PostgreSQL 9.2 improve prepared statements plan’s selectivity
背景
PostgreSQL 9.2 beta的release note中提到9.2 中prepared statements选择执行计划时, 将根据输入的参数值计算出走generic plan的COST, 如果这个COST值与generic plan执行计划的COST值接近或更小时将直接走generic plan, 而不需要再经过重新plan的过程.
如果这个COST值相差较大, 则会重新plan, 选择合适的执行计划.
原文如下 :
Improve the ability of the planner to choose parameterized plans (Tom Lane)
A prepared statement is now parsed, analyzed, and rewritten, but not necessarily planned.

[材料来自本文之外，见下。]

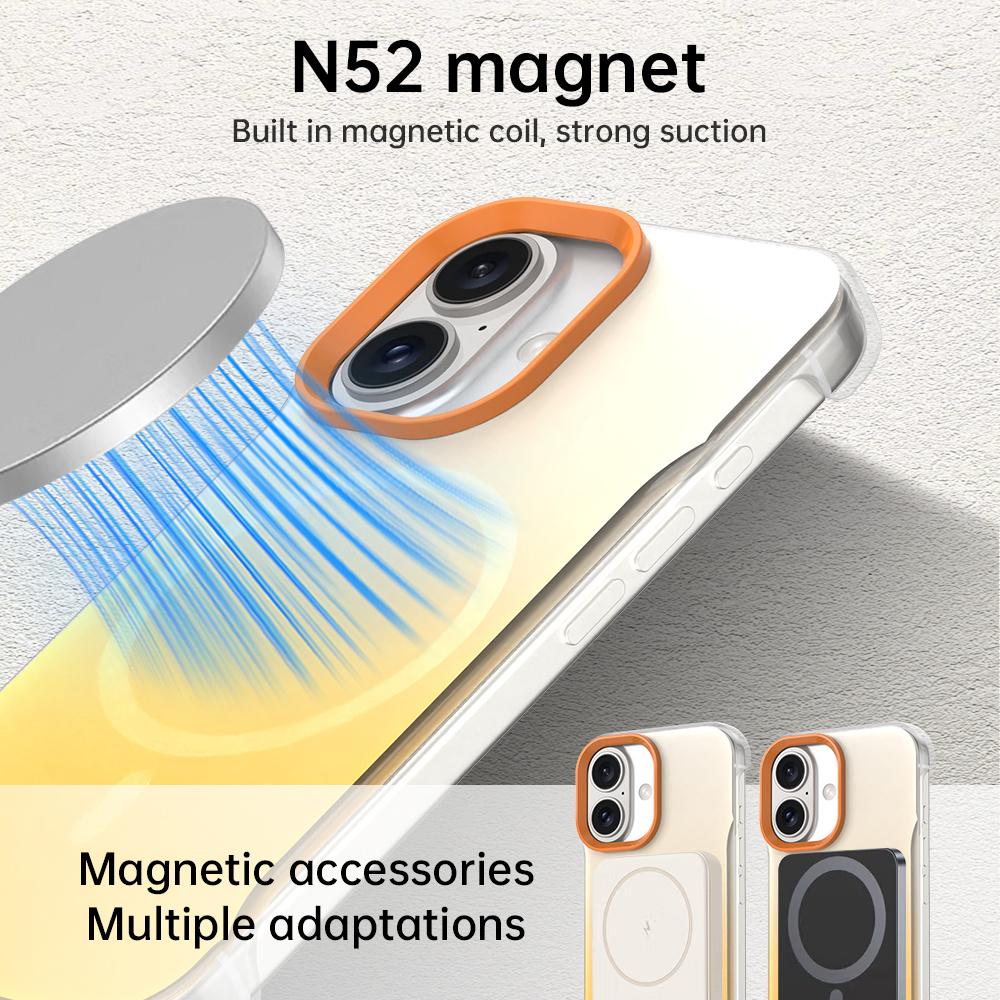 For iPhone 16 Plus Magnetic Case Gradient Design Borderless IMD TPU+PC+PET Phone Cover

When the prepared plan is executed with parameters, the planner might replan it for every constant, or it might execute a generic plan if its cost is close to that of a constant-specific plan.
在9.2版本以前, 所有的prepared statements都不需要经过plan的过程, 也就是说无论输入的参数是什么都之后选择generic plan执行计划. 因此可能得到不好的执行计划, 我在以前写过一篇BLOG来说明这个情况,
WHY prepared Statement running slower in some situation, 有兴趣的朋友可以参阅以下.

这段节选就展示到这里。